Initial Management of Hyperglycemic Hyperosmolar State (HHS)
The initial management of hyperglycemic hyperosmolar state (HHS) should prioritize aggressive fluid resuscitation with 0.9% normal saline at 15-20 mL/kg/hour for the first hour before starting insulin therapy, followed by careful electrolyte monitoring and correction. 1
Initial Assessment
When a patient presents with suspected HHS, perform immediate laboratory evaluation:
- Blood glucose (typically ≥30 mmol/L or 540 mg/dL)
- Arterial blood gas
- Complete blood count with differential
- Urinalysis (to check for glycosuria and rule out significant ketones)
- Electrolytes (including calcium and magnesium)
- BUN and creatinine
- Serum osmolality (≥320 mOsm/kg)
- ECG
- Chest radiograph
- Cultures as indicated 1
Calculate corrected sodium by adding 1.6 mEq to the sodium value for every 100 mg/dL of glucose >100 mg/dL 1
Treatment Algorithm
Phase 1 (0-60 minutes): Fluid Resuscitation
- Begin with 0.9% normal saline at 15-20 mL/kg/hour for the first hour 1
- Assess for signs of heart failure before aggressive fluid resuscitation
- Establish IV access, preferably two large-bore IVs
- Begin cardiac monitoring
Phase 2 (1-6 hours): Continue Fluid Replacement and Start Insulin
- Continue fluid replacement with 0.9% normal saline until hemodynamic stabilization is achieved 1
- Important: Withhold insulin until fluid replacement has been initiated and blood glucose is no longer falling with IV fluids alone (unless ketonaemic) 2
- When starting insulin, administer IV bolus of 0.15 U/kg of regular insulin, followed by continuous infusion at 0.1 U/kg/hour (approximately 5-7 U/hour in adults) 1
- Begin potassium replacement once renal function is confirmed and serum potassium levels are known 1
Phase 3 (6-12 hours): Monitoring and Adjustment
- Adjust insulin infusion rate to achieve glucose decrease of 50-75 mg/hour 1
- If glucose does not decrease by 50 mg/dL in the first hour, double the infusion rate every hour until a stable decrease is achieved 1
- Monitor electrolytes, BUN, creatinine every 2-4 hours
- Calculate serum osmolality regularly to monitor treatment response
- Aim to reduce osmolality by 3-8 mOsm/kg/hour to avoid neurological complications 2, 3
Phase 4 (12-24 hours): Transition Phase
- When glucose levels reach 300 mg/dL:
- Reduce insulin infusion rate to 0.05-0.1 U/kg/hour
- Add 5-10% dextrose to IV fluids 1
- Continue to monitor electrolytes and osmolality
- Switch to 0.45% saline after hemodynamic stabilization 1
Monitoring Parameters
- Blood glucose: hourly until stable
- Electrolytes, BUN, creatinine: every 2-4 hours
- Serum osmolality: calculate regularly
- Mental status: continuous assessment
- Vital signs: continuous monitoring
- Strict input/output monitoring 1
Treatment Goals
- Improve clinical status and replace fluid losses by 24 hours
- Gradual decline in osmolality (3-8 mOsm/kg/hour)
- Blood glucose 10-15 mmol/L (180-270 mg/dL) in the first 24 hours
- Prevent hypoglycemia and hypokalemia
- Prevent complications: venous thromboembolism, osmotic demyelination, fluid overload 3
Important Considerations and Pitfalls
Key Differences from DKA
- HHS develops over days (not hours like DKA)

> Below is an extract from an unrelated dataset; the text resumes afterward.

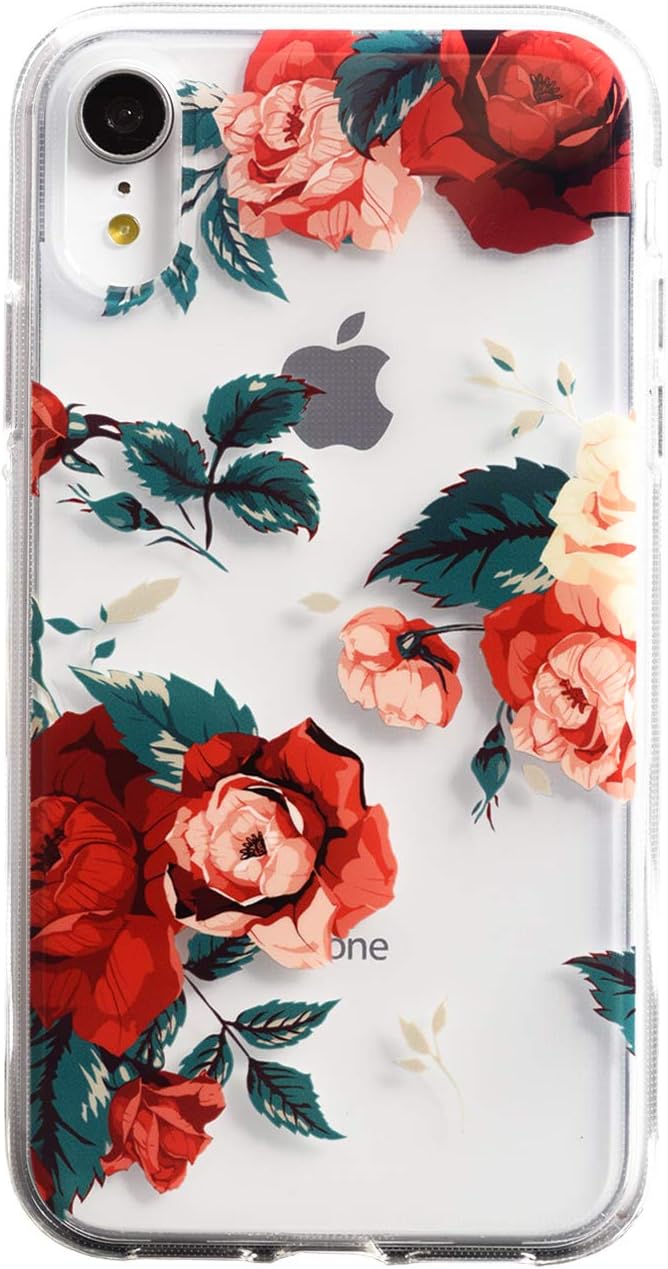 Flower Case for iPhone XR (6.1"), Floral Pattern Clear Slim Fit Ultra-Thin Design, Shockproof Hard PC Back (Red Roses)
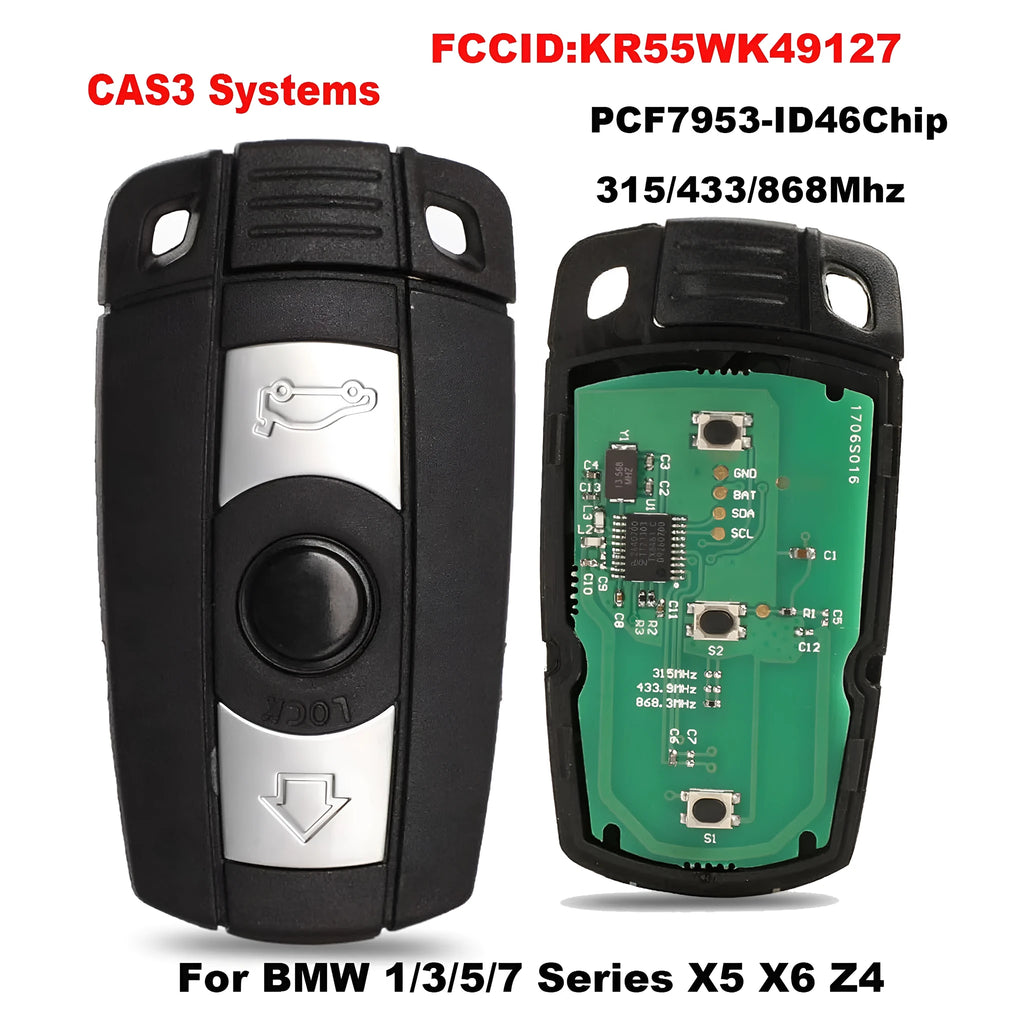 BMW CAS3 semi-intelligent remote car key fob with three blank metal blades attached.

- Dehydration and metabolic disturbances are more extreme
- Higher mortality rate than DKA 2
- May present with mixed HHS/DKA picture in some patients 3
Common Complications to Avoid
- Cerebral edema from too rapid correction of osmolality
- Central pontine myelinolysis from rapid changes in osmolality 2
- Hypoglycemia from excessive insulin
- Hypokalemia from inadequate replacement
- Fluid overload, especially in elderly patients or those with cardiac issues 3
Common Precipitating Factors to Identify and Treat
- Infection (most common)
- Medication non-adherence
- New-onset diabetes
- Acute illness (stroke, myocardial infarction)
- Alcohol or substance use 1
HHS resolution criteria include: osmolality <300 mOsm/kg, corrected hypovolemia (urine output ≥0.5 mL/kg/h), return to pre-morbid cognitive status, and blood glucose <15 mmol/L (270 mg/dL) 3.